At JUSTIN, we are justifiably proud of our heritage as farmers. In 1981, when Justin Baldwin first began planting our vines on the rock-strewn western edge of what is now the Adelaida District of the Paso Robles AVA, the risks were huge and the flourishing of successful Bordeaux varieties was uncertain. Not all of those original vines still stand, but many do, and for good reason: quality.

Vine maturity is one of the most frequently cited quality factors in wine. As with so much else in modern wine, we owe our interest in “old vines” to the French, where the more mellifluous vieilles vignes are an enhancement of many a fine wine label in Burgundy or the Rhône Valley. Why are old vines important? The answer is, of course, complex and varied. Flavor, consistency, natural defenses, and predictable fruit yield are among the reasons we love old vines. Not to mention the sense of stability, tradition, and permanence they add to our image.

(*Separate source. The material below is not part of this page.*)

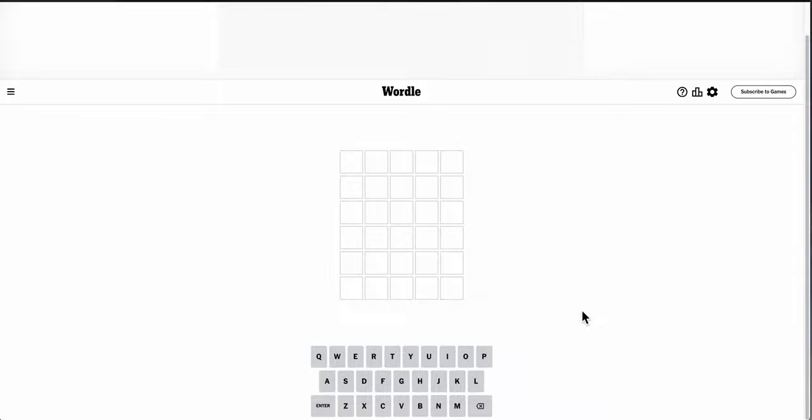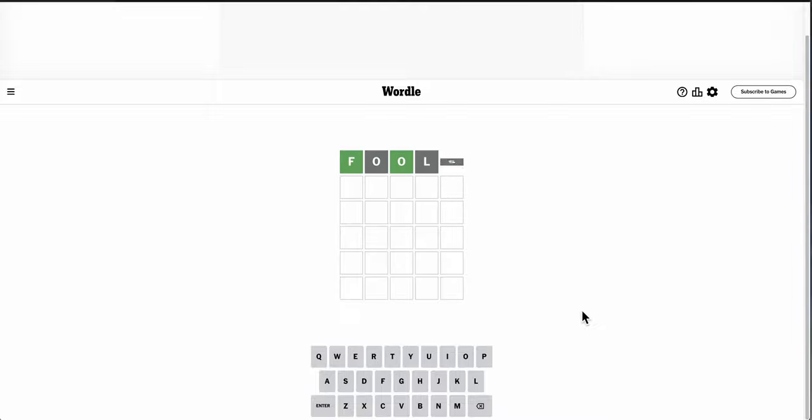Good morning, everyone. Welcome to Wordle. This is April 1st, so why not try Fools to start with, and this is interesting.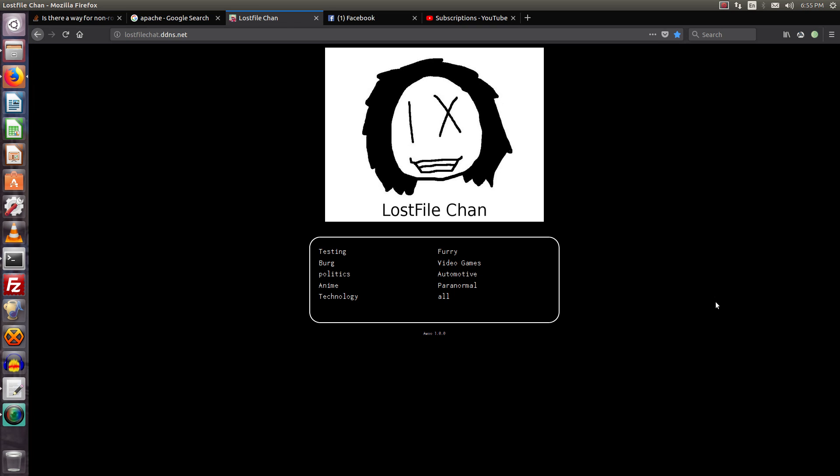Because the way that this works is it creates a Linux user, and then it runs the application underneath that Linux user. Yeah, it's one of those things.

Vines are often likened to human beings: when young, they can’t take very good care of themselves, and produce no valuable fruit; as adolescents they can be rambunctious and hyperproductive, pushing plant material in unpredictable ways; and in later years, usually after their first decade, welltrained and managed, they settle into a potentially long and balanced life of generally consistent maturity, albeit with slightly declining yields. Assuming no disease, virus, or other threat, a grapevine can survive over 100 years in an ideal environment.

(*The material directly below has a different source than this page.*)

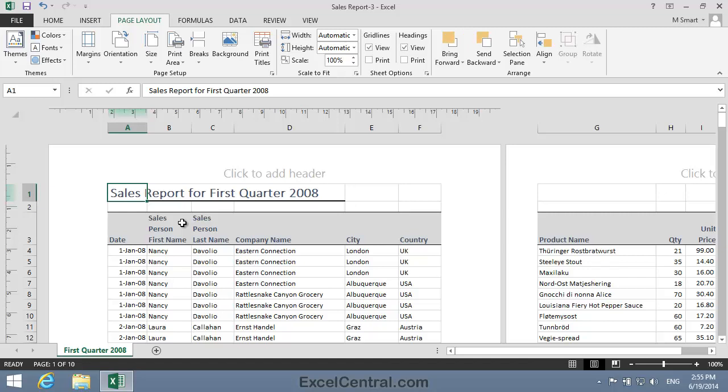So let's now explore the second option, and make the report fit on a sheet of A4, or letter size paper, by scaling the print.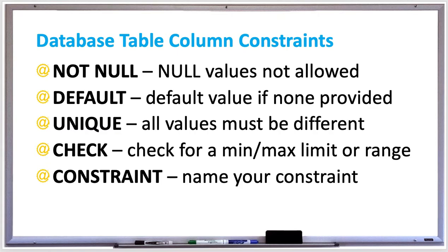To make sure that all column values are different, use the UNIQUE constraint. A constraint for a single column is called a column level constraint, and for multiple columns, it's called a table level constraint. MySQL helps improve query performance by creating an index for each unique constraint.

Something Old, Something New

Thanks to good fortune and wise planning, we’ve developed some vineyard blocks dating back to the winery’s founding, and they continue to deliver ideal clusters of uniformly ripe fruit. In some cases, the vine spacing is wider than we might currently practice in younger, replanted blocks; and we also see somewhat variable fruiting zones for different blocks, depending on cordon training. As we continue to append vineyard sites with minimal external inputs, we can rotate blocks in and out as we need. This is all the better, as the variation in vine age on our properties means stability for the long term of our estate.

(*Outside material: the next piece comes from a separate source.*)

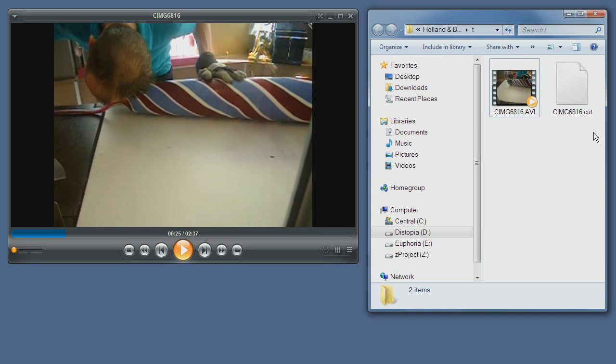If the media file is on a read-only media such as CD or DVD-ROM, then the cut file is saved to the Zoom Player directory. So thank you for watching this tutorial, and come again.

Our two most prominent blocks with older vines are planted to cabernet franc and merlot, the former at higher elevation on our hillside, and thelatter on a soft swell about midway up. These, of course, are critical varieties in our blending programs for ISOSCELES and JUSTIFICATION. They possess a nuance of flavor, a certain “breed” that is simply not possible with younger, denser vineyards. And while cabernet sauvignon continues to be our primary variety, vine age is not such a great advantage for that variety. Here is where we do our most prominent replanting, as cabernet sauvignon vines are usually diminished more quickly by time and nature.

As many a winemaker would note, the key to good wine is good farming. Nurturing some vines well into vielles stature while replacing those that begin to falter is a critical feature of responsible, wise vineyard management—and consistently delicious wine.